DIRECTIONS FOR THIS TASK. Could you print, exactly and without pictures, only the lines from the one with "Sedie Per Esterni^HAY" through the end of the records below?

# # #

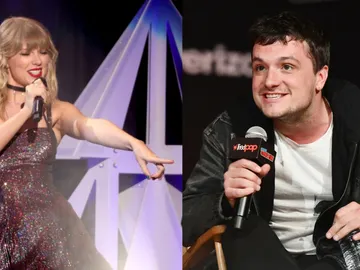Taylor Swift y Josh Hutcherson Taylor Swift y Josh Hutcherson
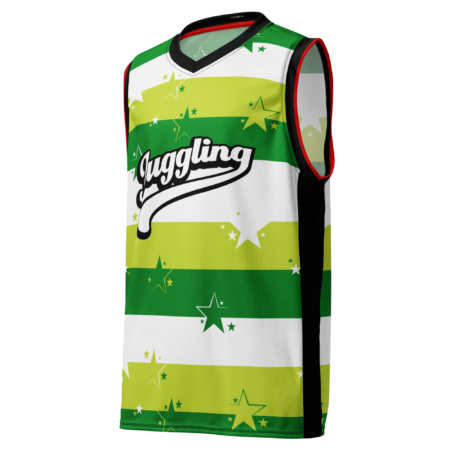 Juggling 441 Camouflage Recycled Unisex Jersey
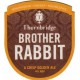 Thornbridge Brewery Brother Rabbit Pump Clip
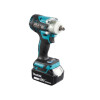 Аккум. ударный гайковерт MAKITA LXT DTW302RTJ в кейсе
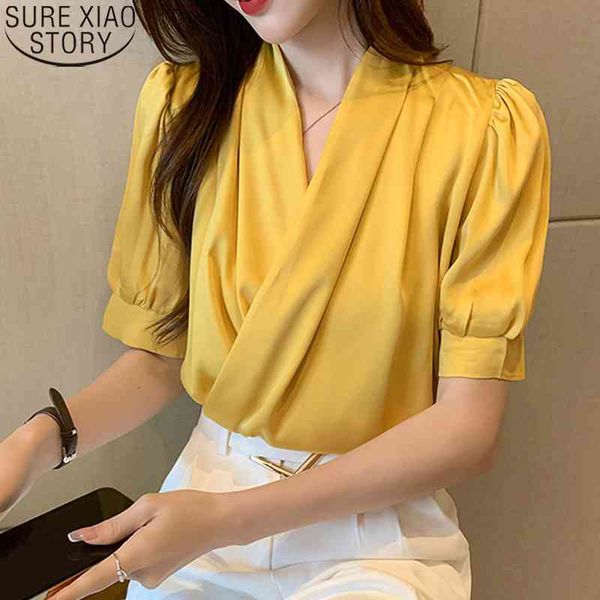summer chiffon blouses short sleeve office lady fashion v-neck blouse women female clothes blusas 14080 210417, White
summer chiffon blouses short sleeve office lady fashion v-neck blouse women female clothes blusas 14080 210417, White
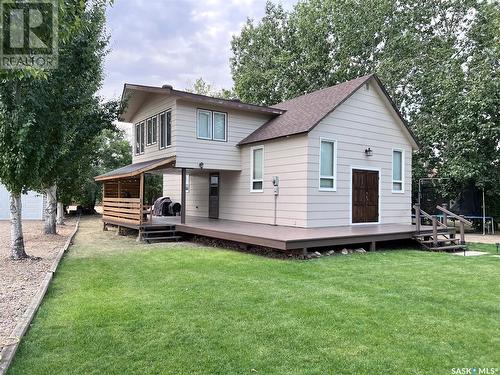 307 Ruby Drive, Hitchcock Bay, SK - Outdoor With Deck Patio Veranda With Exterior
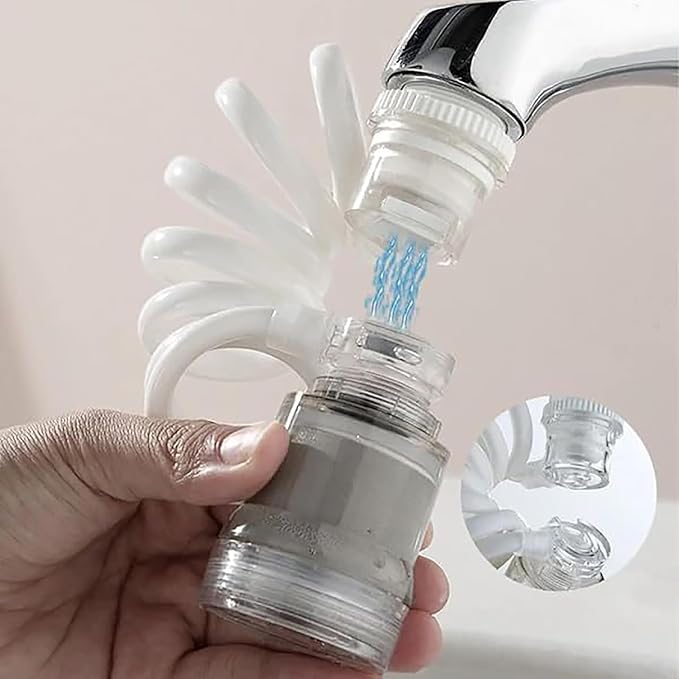 CleanFaucet | Universal Wasserhahn Wasserfilter - Reines, sauberes Wasser jedes Mal!
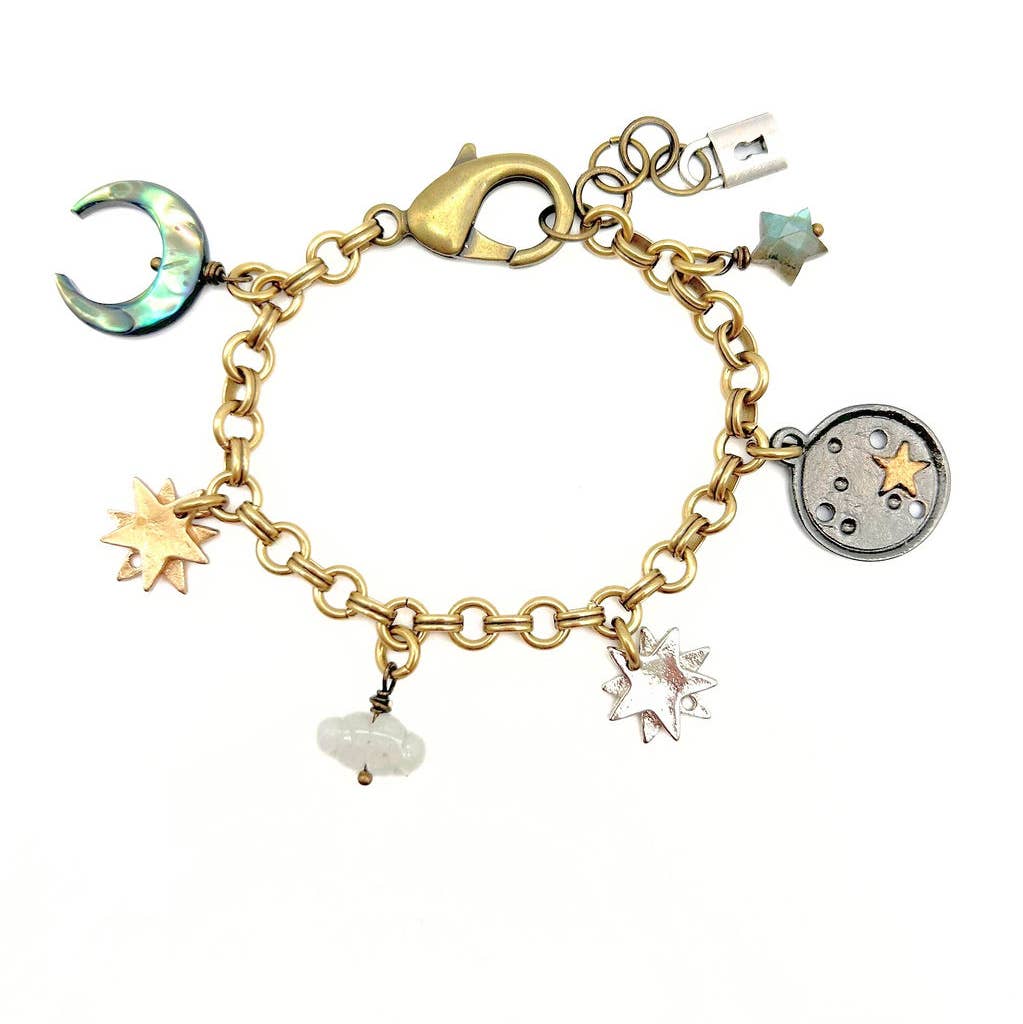Celestial Charmed Bracelet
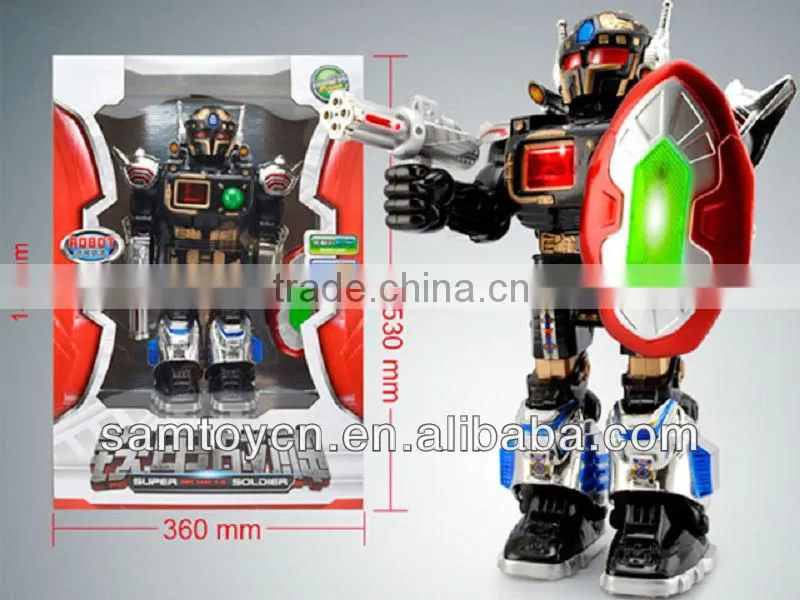 Universal b/o robot toy,battery operated robot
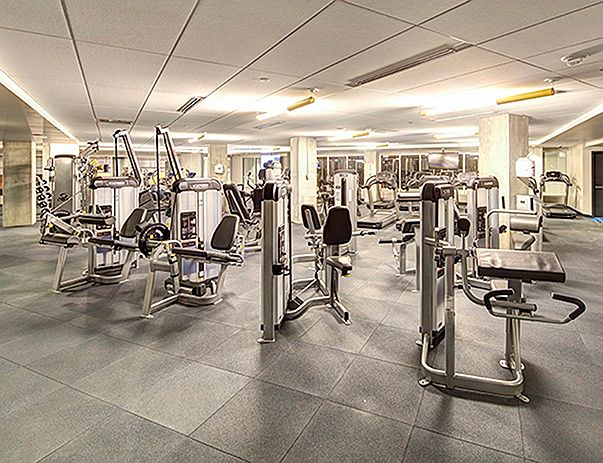 Gym in Building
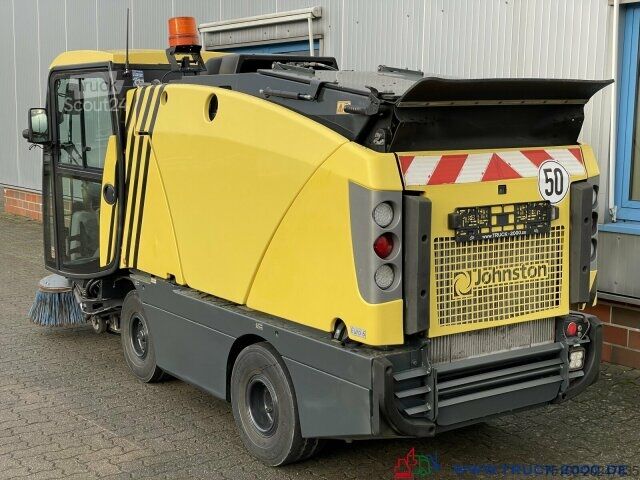 Cestna čistilnica Schmidt Johnston Bucher Sweeper CX 201 Kehren + Sprühen Klima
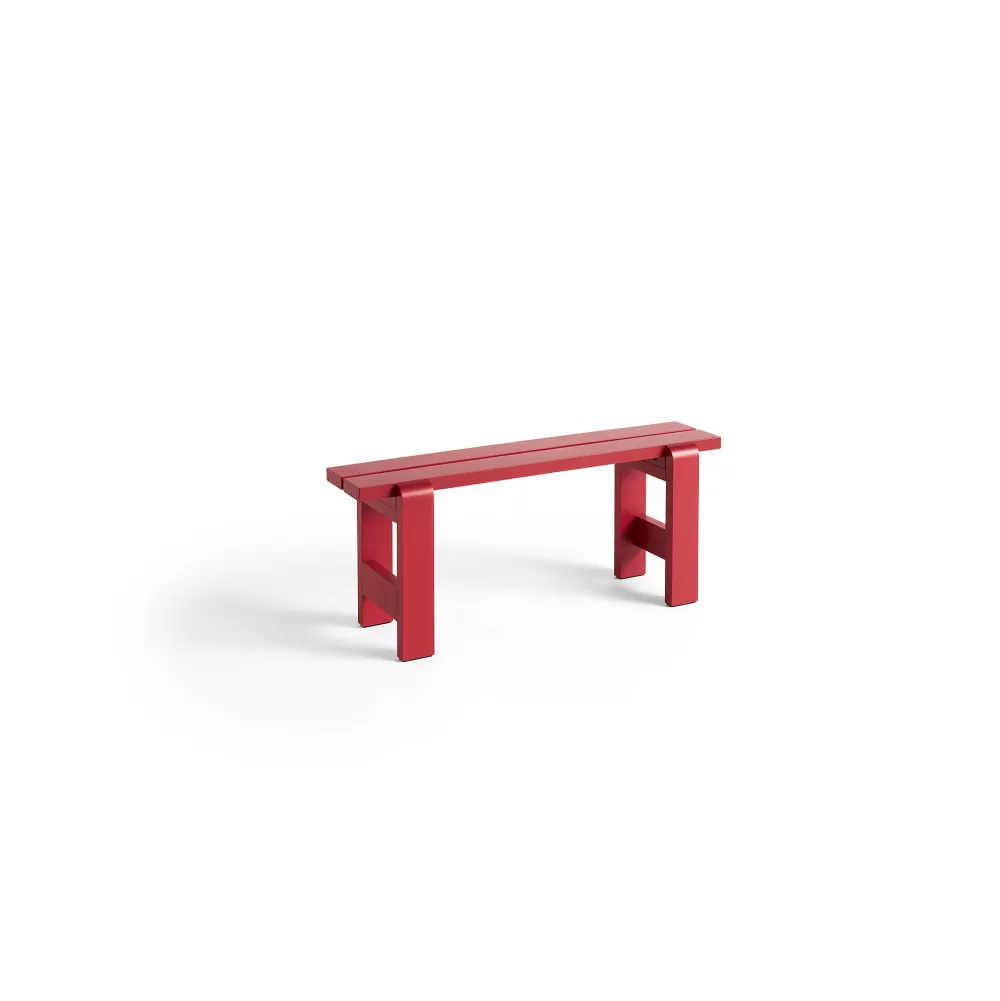 Sedie Per Esterni^HAY Weekday Bench | Panca | Rosso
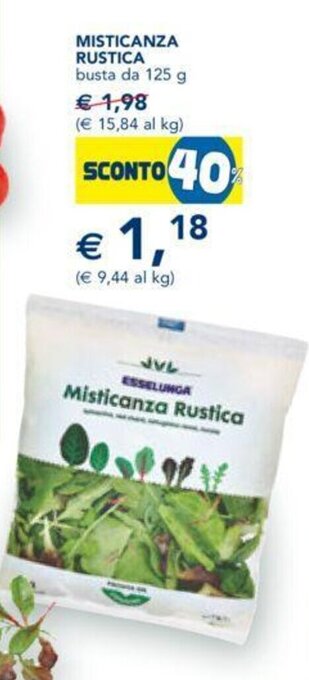 MISTICANZA RUSTICA busta da 125 g
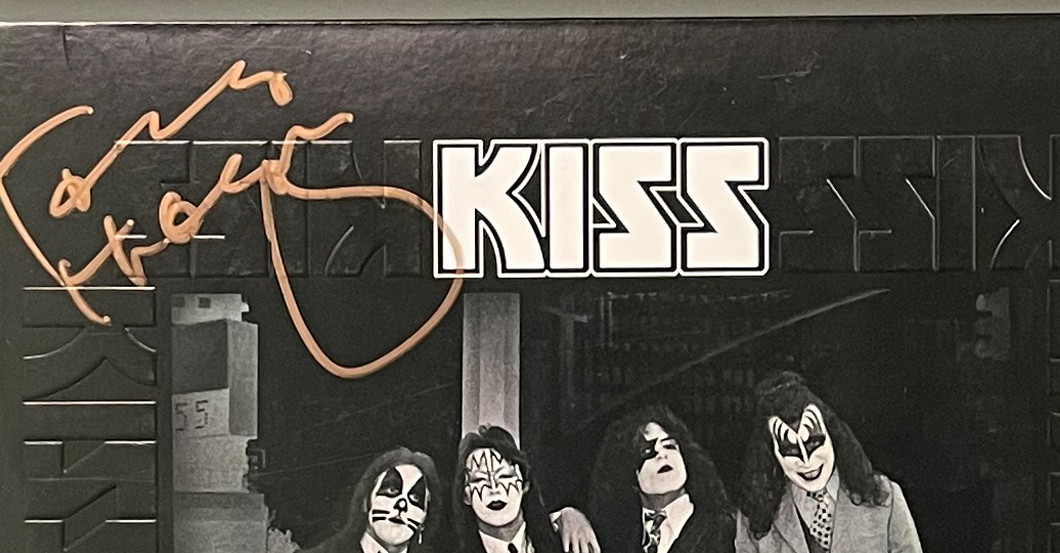 KISS zwei LPs   KISS zwei LPs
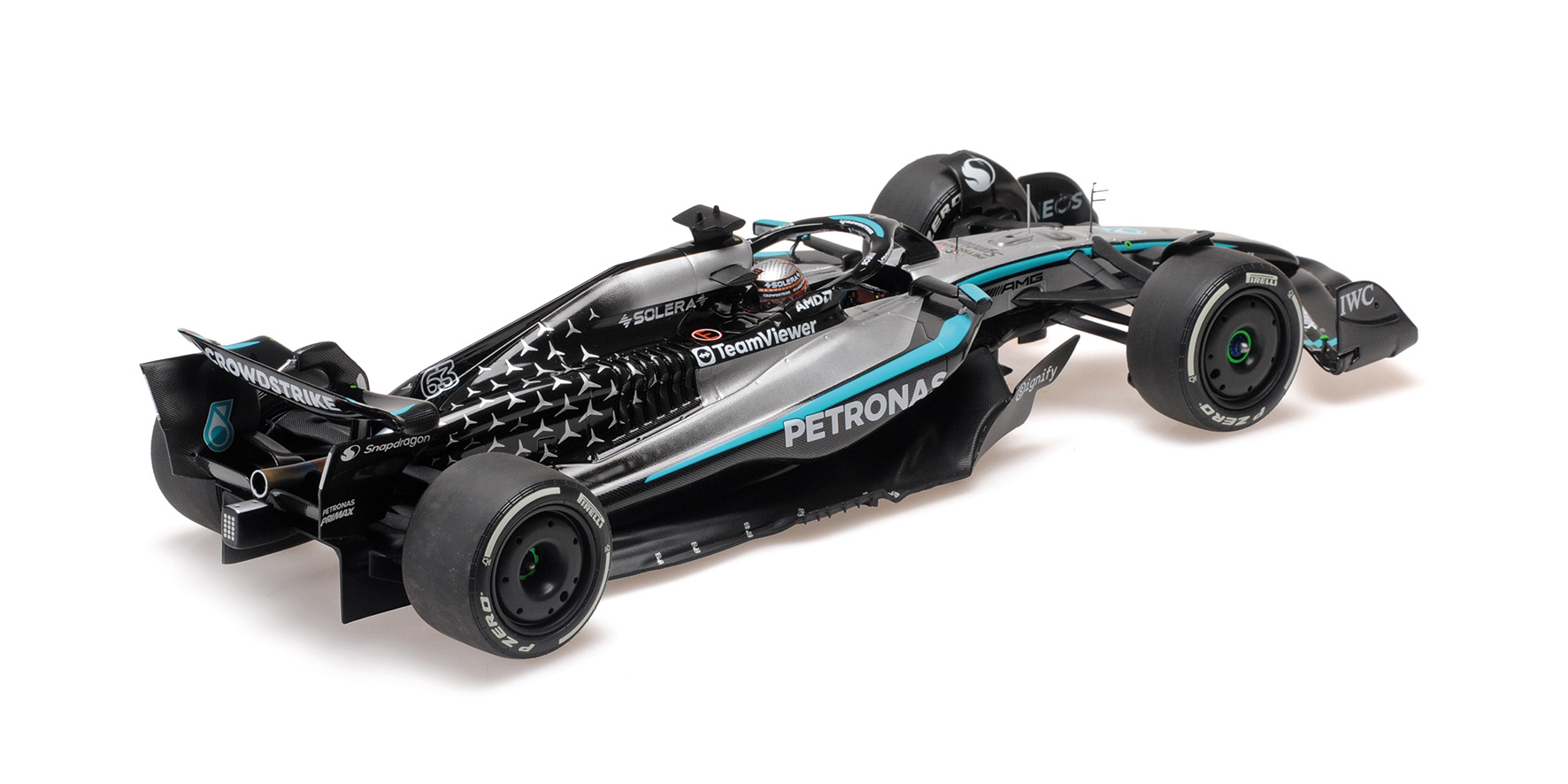 MERCEDES-AMG PETRONAS FORMULA ONE TEAM F1 W16 E PERFORMANCE - GEORGE RUSSELL - 3RD PLACE CN GP 2025
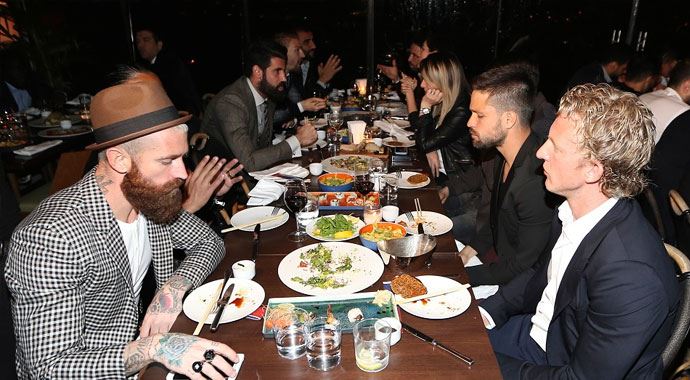 Fenerbahçe'de moral yemeği Fenerbahçe'de moral yemeği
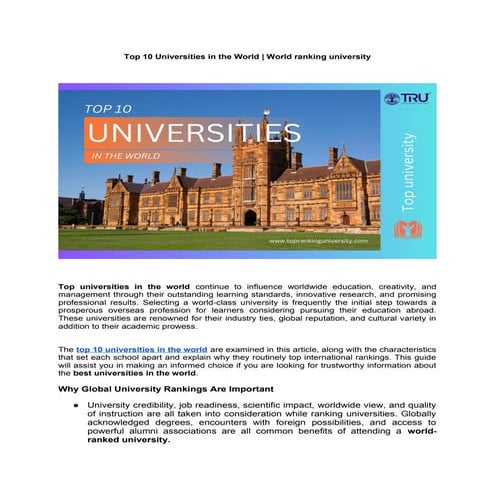 Top 10 Universities in the world.pptx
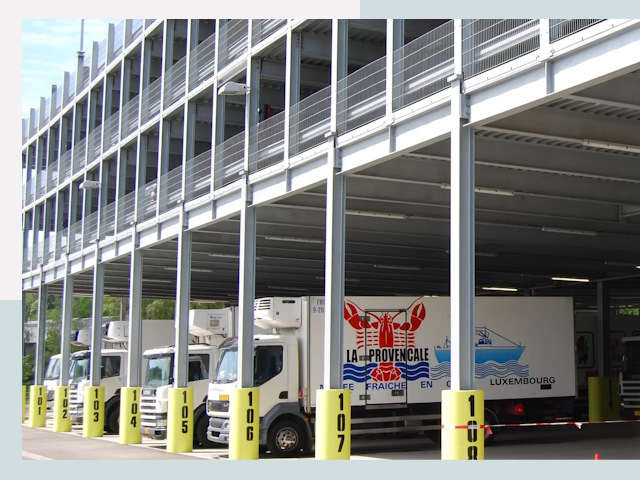 Строительство паркингов в Гатчине от 617 руб. за м²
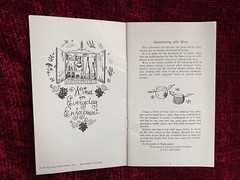 Vintage 1958 The Taylor Wine Co Wines for Everyday Enjoyment Cookbook pamphlet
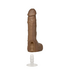Doc Johnson Realistisch Squirting Dildo 23,4 cm met Romige Nut Butter - Veilig Plezier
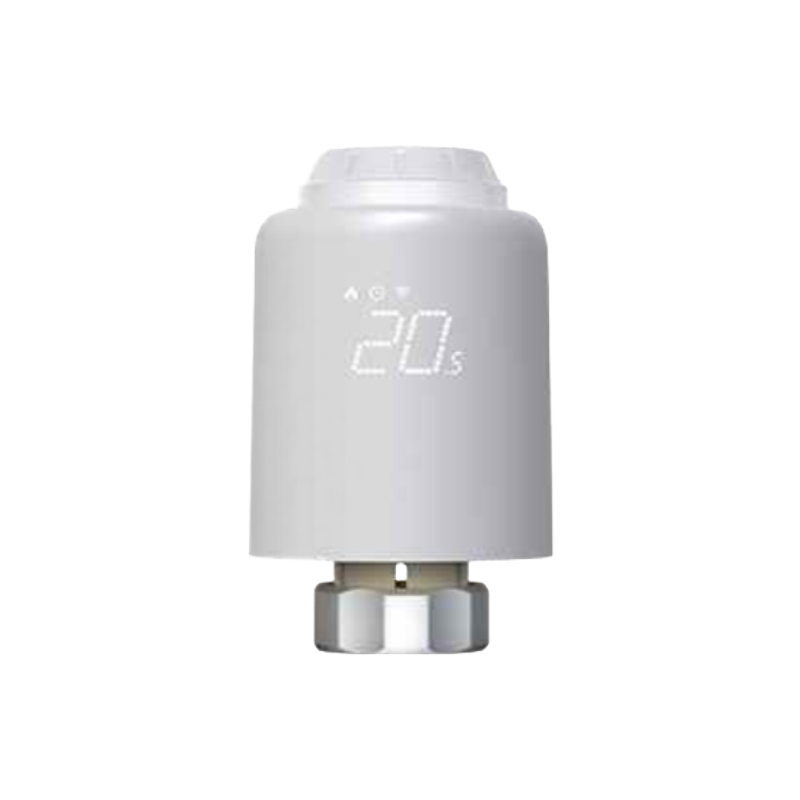 Slimme LED-display thermostatische radiatorkraan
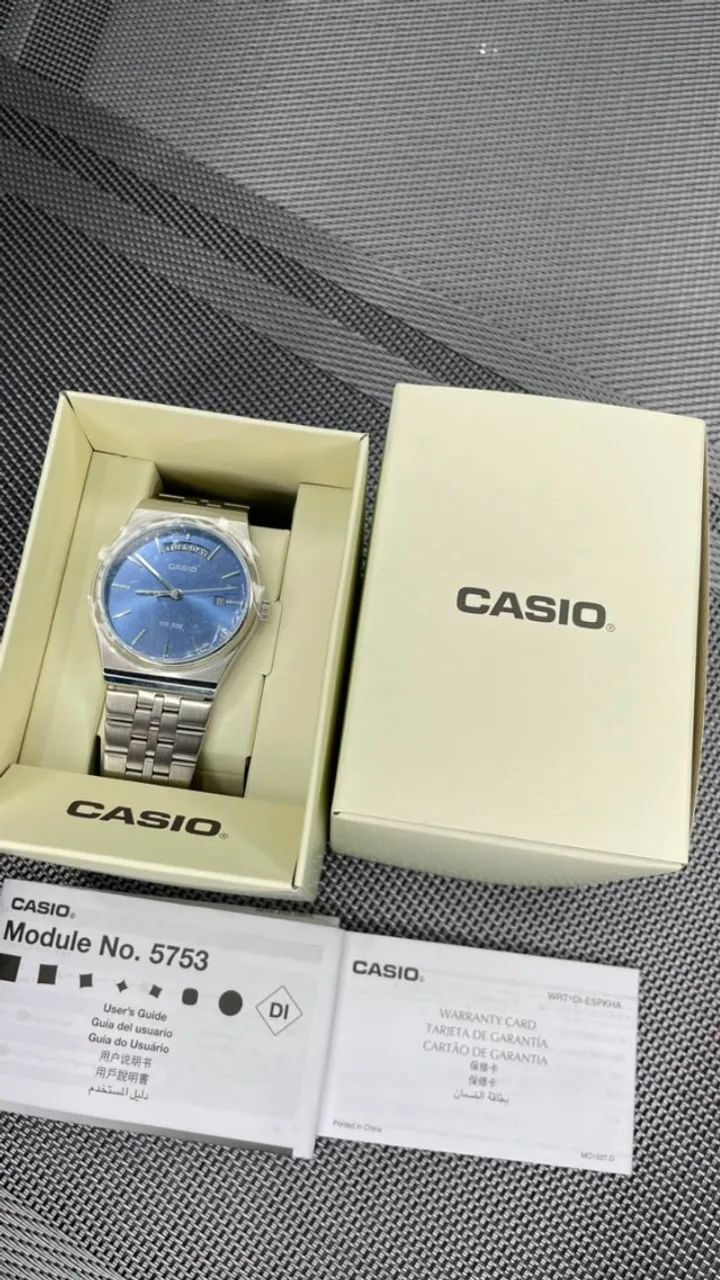 Relógio Casio MTP-B146D-2AVDF (Novo na caixa) - Foto 4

# # #

RESPONSE TO THIS EXERCISE.
 Sedie Per Esterni^HAY Weekday Bench | Panca | Rosso
 MISTICANZA RUSTICA busta da 125 g
 KISS zwei LPs   KISS zwei LPs
 MERCEDES-AMG PETRONAS FORMULA ONE TEAM F1 W16 E PERFORMANCE - GEORGE RUSSELL - 3RD PLACE CN GP 2025
 Fenerbahçe'de moral yemeği Fenerbahçe'de moral yemeği
 Top 10 Universities in the world.pptx
 Строительство паркингов в Гатчине от 617 руб. за м²
 Vintage 1958 The Taylor Wine Co Wines for Everyday Enjoyment Cookbook pamphlet
Doc Johnson Realistisch Squirting Dildo 23,4 cm met Romige Nut Butter - Veilig Plezier
 Slimme LED-display thermostatische radiatorkraan
 Relógio Casio MTP-B146D-2AVDF (Novo na caixa) - Foto 4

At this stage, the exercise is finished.